I can't see how this can be done. The way I see it, it's a violation of freedom of speech. If I say that I have a reason to not want to accept mail from spammer.com and I publicly state that, then that's my constitutional right. Really that's all they are doing. They are publicly saying that they won't accept mail from spammer.com or his netblock and they're making that known publicly. The method in which they let the public gain access to their list of people that thet won't accept email from is by DNS. If another said person of the public happens to decide that they trust my opinion on who I will not accept mail from and use my list of domains and netblocks as their own, then they are excercising their freedom to express themselves. I'm not forcing them to do it. They trust my opinion and that's that. To me it's really that simple. It's nothing more than a car magazine rating a given year's new models and expressing their opinions. If a writer for Car Magazine says that he personally doesn't like car A because it doesn't come in pink and I as a consumer have always based my purchasing decisions off of what that writer believes, then is he at fault just like MAPS? No, the writer isn't. He expressed his opinion and I decided to trust his opinion. If a buddy of mine tells me that he received spam from newspammer.com and I either a) trust what he told me or b) he proves to me that they spammed him (with the message and headers) than there's no reason why I can't trust his opinion and add newspammer.com to my list as well. If I decide to add a way for a spammer to have his domain removed from my personal list then there isn't any reason why I can't. If I say they first have to wear a baby blue tutu and cowboy boots and run through the streets of Dallas before I'll remove them, that's well within my right. After all the list is mine, not there's. I'm entitled to my opinion. Does anyone else see it as simply put as I do? To me it's just that simple.

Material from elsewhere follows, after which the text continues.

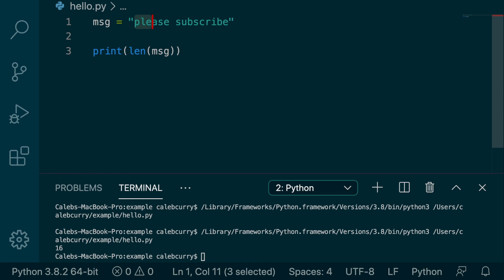Let me just count. 1, 2, 3, 4, 5, 6, 7, 8, 9, 10, 11, 12, 13, 14, 15, 16. So it is correct.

I'll tell you one more thing that's very simple. Experian has earned a very simple and very permanent REJECT entry in my Sendmail access lists. Simple.

Sysadmins don't forgive. Sysadmins don't forget.

[KMSelf]

Rick Moen has a standard message [crackmonkey.org] for those who would sue MAPS. You see, MAPS actually wins by losing.

Time to update those DNS records and MTA rulesets, people.

My own last message to Experian:

Subject: Experian settles with MAPS -- Welcome to the Blackhole of Death

You've been added manually.

By me.

By 100,000 other sysadmins.

Or is it only 10,000?

Or is it 1,000,000?

Who knows?

But you're in named.conf.

You're in Sendmail, Exim, Qmail, Postfix, and Exchange reject rulesets.

And you'll never get out.

Ever.

Because.

You sued MAPS.

You can't root us out.

You can't make up, fly straight, and appeal your listing.

You lost by winning.

Welcome to the Black Hole of Death.

Remember: no one can hear you.

And no one cares.

Re:They didn't say there's no opt-in

[PacMan]

They said that they don't have to use a double opt-in. In other words, no confirmation step of the opt-in.

So you think it's OK to allow me to go to their site and "opt-in" with your email address?

That's what removing the confirmation step allows.